Requirement
An exact transcription of all the records, free of pictures, is the expected answer.
=== Begin Enclosure ===
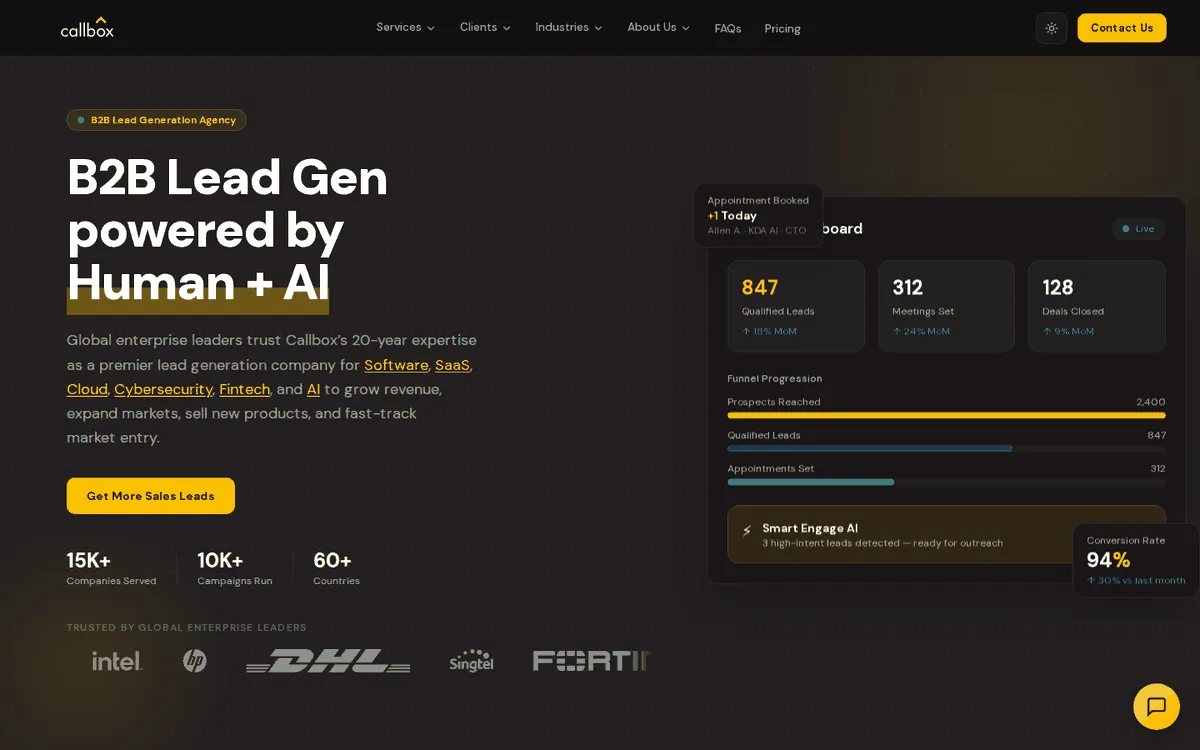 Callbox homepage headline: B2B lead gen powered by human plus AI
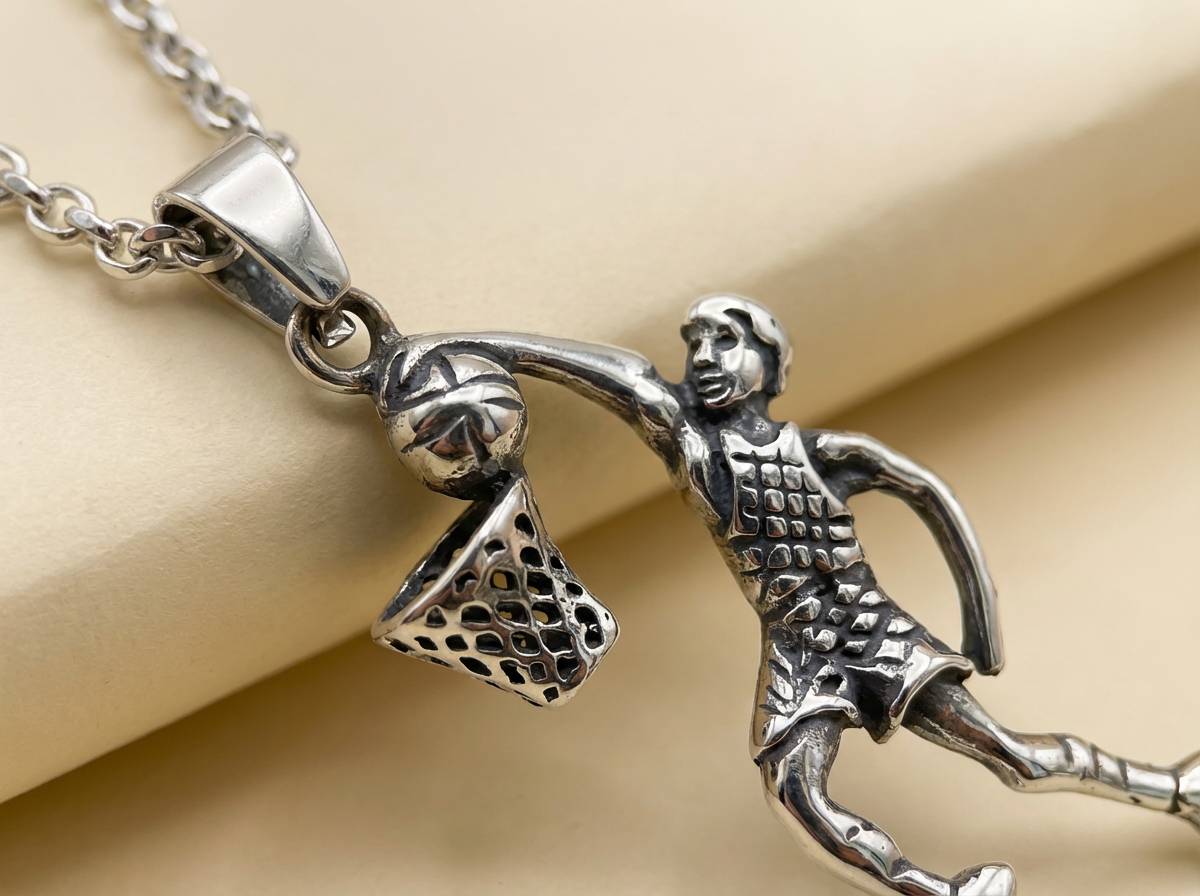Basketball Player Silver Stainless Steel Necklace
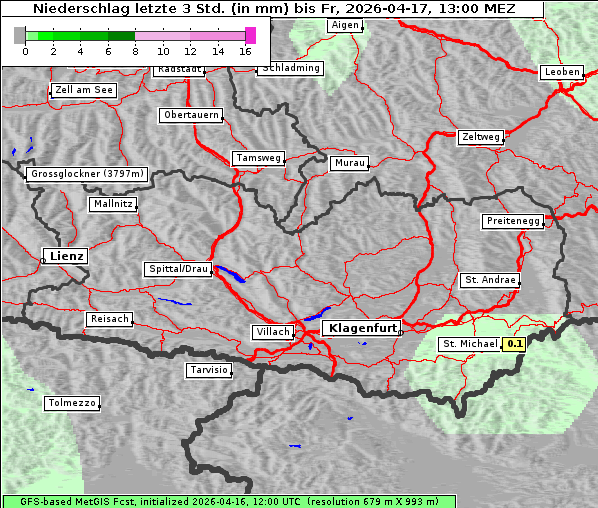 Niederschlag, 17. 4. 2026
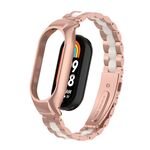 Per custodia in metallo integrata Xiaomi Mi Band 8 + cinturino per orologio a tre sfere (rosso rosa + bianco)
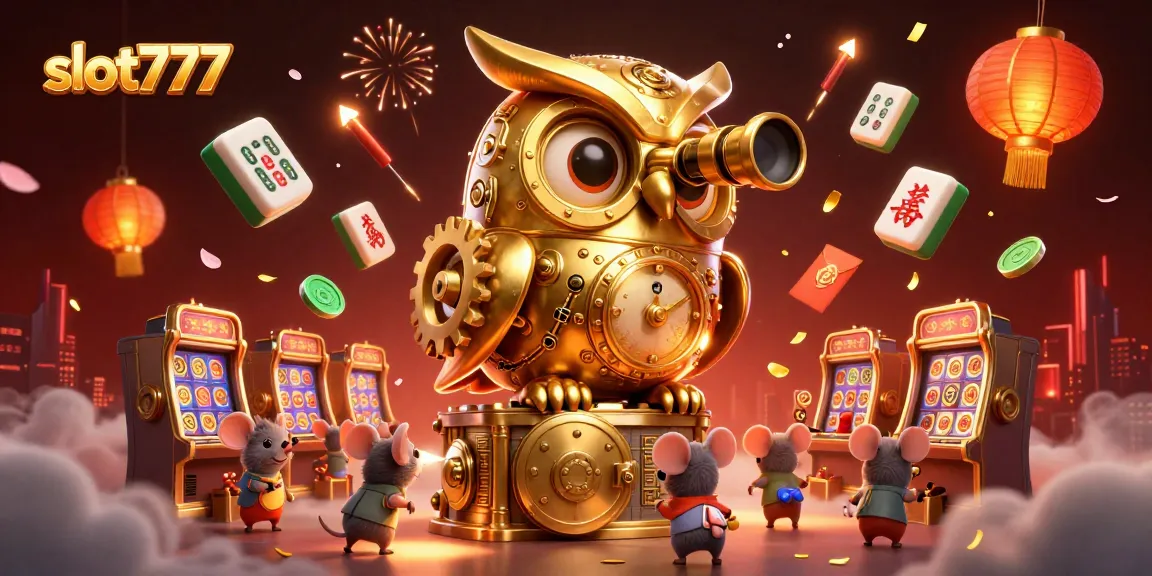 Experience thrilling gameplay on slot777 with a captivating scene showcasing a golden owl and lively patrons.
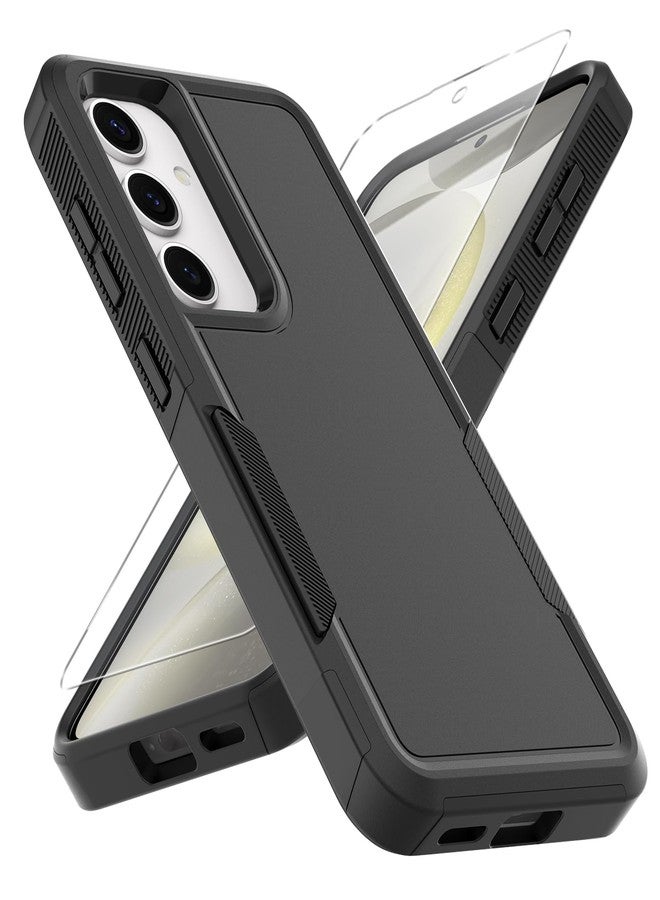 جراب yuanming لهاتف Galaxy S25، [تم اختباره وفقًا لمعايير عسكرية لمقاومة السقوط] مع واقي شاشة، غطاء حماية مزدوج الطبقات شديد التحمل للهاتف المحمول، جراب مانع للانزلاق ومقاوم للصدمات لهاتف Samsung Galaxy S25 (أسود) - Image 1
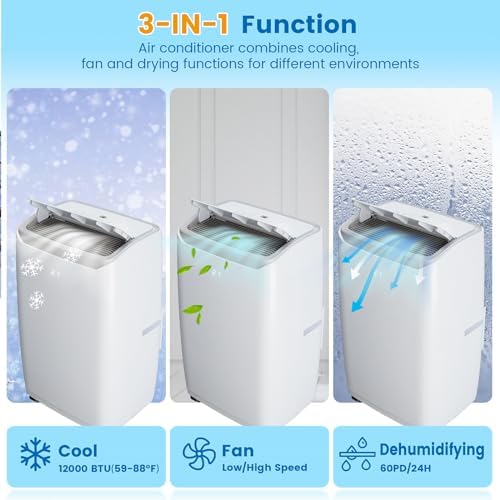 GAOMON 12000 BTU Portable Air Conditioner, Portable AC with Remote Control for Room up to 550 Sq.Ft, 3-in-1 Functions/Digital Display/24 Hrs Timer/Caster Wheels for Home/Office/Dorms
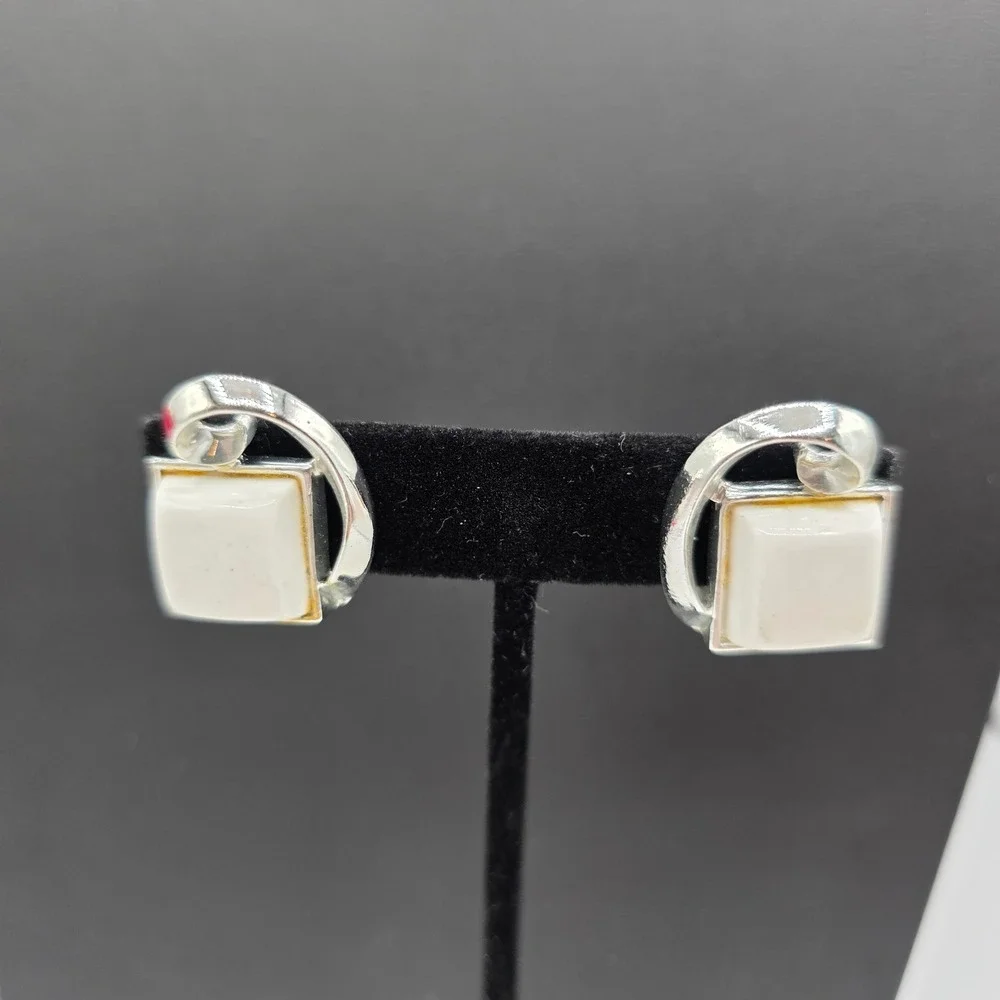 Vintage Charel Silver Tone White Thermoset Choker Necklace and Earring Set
=== End Enclosure ===
Task output
 Callbox homepage headline: B2B lead gen powered by human plus AI
Basketball Player Silver Stainless Steel Necklace
 Niederschlag, 17. 4. 2026
 Per custodia in metallo integrata Xiaomi Mi Band 8 + cinturino per orologio a tre sfere (rosso rosa + bianco)
 Experience thrilling gameplay on slot777 with a captivating scene showcasing a golden owl and lively patrons.
 جراب yuanming لهاتف Galaxy S25، [تم اختباره وفقًا لمعايير عسكرية لمقاومة السقوط] مع واقي شاشة، غطاء حماية مزدوج الطبقات شديد التحمل للهاتف المحمول، جراب مانع للانزلاق ومقاوم للصدمات لهاتف Samsung Galaxy S25 (أسود) - Image 1
 GAOMON 12000 BTU Portable Air Conditioner, Portable AC with Remote Control for Room up to 550 Sq.Ft, 3-in-1 Functions/Digital Display/24 Hrs Timer/Caster Wheels for Home/Office/Dorms
 Vintage Charel Silver Tone White Thermoset Choker Necklace and Earring Set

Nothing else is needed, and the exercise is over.